Olvah Alhamid, seorang finalis Putri Indonesia 2015, melontarkan pernyataan yang berbau rasis di sosial media miliknya. Olvah yang kerap menggaungkan untuk stop rasisme dan diskriminasi tetapi ia justru meneriaki sekelompok orang China. Ia bahkan menyebut mereka sebagai pembawa penyakit (CNN Indonesia, 8 Desember 2021).
Ini merupakan salah satu contoh rasisme yang ada di sekitar kita. Rasisme tidak hanya berkaitan dengan warna kulit, tetapi juga diskriminasi terhadap orang lain, seperti budaya, gender, bahasa, agama, dan status sosial ekonomi. Hal ini terjadi karena seseorang dengan mudah mengelompokkan dan menilai satu kelompok lebih rendah atau lebih tinggi daripada yang lainnya.

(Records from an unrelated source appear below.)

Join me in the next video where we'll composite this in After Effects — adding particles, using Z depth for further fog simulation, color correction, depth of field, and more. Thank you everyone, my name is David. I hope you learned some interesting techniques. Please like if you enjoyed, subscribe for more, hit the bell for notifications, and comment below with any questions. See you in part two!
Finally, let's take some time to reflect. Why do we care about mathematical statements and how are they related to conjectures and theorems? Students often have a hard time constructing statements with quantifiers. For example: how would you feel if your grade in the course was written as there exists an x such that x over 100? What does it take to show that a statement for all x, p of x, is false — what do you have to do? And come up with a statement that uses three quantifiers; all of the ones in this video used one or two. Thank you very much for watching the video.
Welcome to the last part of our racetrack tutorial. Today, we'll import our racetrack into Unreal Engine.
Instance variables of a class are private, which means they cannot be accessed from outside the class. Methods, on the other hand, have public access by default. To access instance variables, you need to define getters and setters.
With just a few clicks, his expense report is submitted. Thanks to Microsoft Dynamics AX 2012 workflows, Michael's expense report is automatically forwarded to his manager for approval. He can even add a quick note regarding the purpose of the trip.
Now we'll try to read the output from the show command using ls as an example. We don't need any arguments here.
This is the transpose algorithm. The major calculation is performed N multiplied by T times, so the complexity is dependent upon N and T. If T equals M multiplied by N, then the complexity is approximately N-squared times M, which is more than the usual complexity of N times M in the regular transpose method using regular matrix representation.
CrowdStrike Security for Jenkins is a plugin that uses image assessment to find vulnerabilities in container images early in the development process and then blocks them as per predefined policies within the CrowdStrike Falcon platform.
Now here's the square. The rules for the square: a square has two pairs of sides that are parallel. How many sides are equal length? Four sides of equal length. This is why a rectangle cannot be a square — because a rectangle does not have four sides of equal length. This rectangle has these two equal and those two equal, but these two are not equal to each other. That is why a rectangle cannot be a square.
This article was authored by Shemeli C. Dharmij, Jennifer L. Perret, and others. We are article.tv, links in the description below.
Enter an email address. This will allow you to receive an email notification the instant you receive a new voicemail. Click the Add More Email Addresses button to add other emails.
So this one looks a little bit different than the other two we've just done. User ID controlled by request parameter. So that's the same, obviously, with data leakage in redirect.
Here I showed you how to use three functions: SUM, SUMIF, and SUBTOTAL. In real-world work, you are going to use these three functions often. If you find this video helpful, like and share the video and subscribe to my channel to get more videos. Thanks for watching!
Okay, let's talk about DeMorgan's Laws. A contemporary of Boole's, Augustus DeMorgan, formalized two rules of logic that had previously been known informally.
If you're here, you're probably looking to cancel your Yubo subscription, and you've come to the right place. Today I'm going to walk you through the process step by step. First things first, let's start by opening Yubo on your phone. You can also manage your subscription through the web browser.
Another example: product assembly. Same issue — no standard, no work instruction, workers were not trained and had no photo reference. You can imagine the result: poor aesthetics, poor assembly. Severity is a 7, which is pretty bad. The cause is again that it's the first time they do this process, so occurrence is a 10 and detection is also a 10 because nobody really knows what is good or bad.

Indonesia yang memiliki 714 suku dan lebih dari 1.001 bahasa (Kompas, 30 Maret 2019) sangat rentan terhadap persoalan SARA (Suku, Agama, Ras, dan Antar Golongan). Seringkali isu SARA ini digiring ke ranah politik, terutama pada saat Pemilu. Ini sangat membahayakan ketahanan negara Indonesia.
Berdasarkan pandangan Gadamer, pendidikan semestinya menjadi pilar penyanggah semboyan Indonesia, Bhinneka Tunggal Ika, yang artinya walaupun berbeda-beda tetapi tetap satu kesatuan. Pendidikan seharusnya mengakomodasi peleburan horizon-horizon interkultural. Peleburan horizon-horizon ini bisa dilakukan dengan membuka dialog-dialog antar suku, agama, ras, atau kelompok.
Di sekolah-sekolah, guru sebagai pemimpin dialog bisa mengarahkan siswa untuk mencapai suatu pemahaman yang baru mengenai perbedaan tersebut. Dengan mengenal dan memahami suku, agama, ras, dan kelompok lain, maka rasisme tidak akan terjadi. Peleburan horizon-horizon para siswa menghantarkan kepada suatu pemahaman. Pemahaman ini bisa dibawa ke kehidupan keluarga, masyarakat, dan negara.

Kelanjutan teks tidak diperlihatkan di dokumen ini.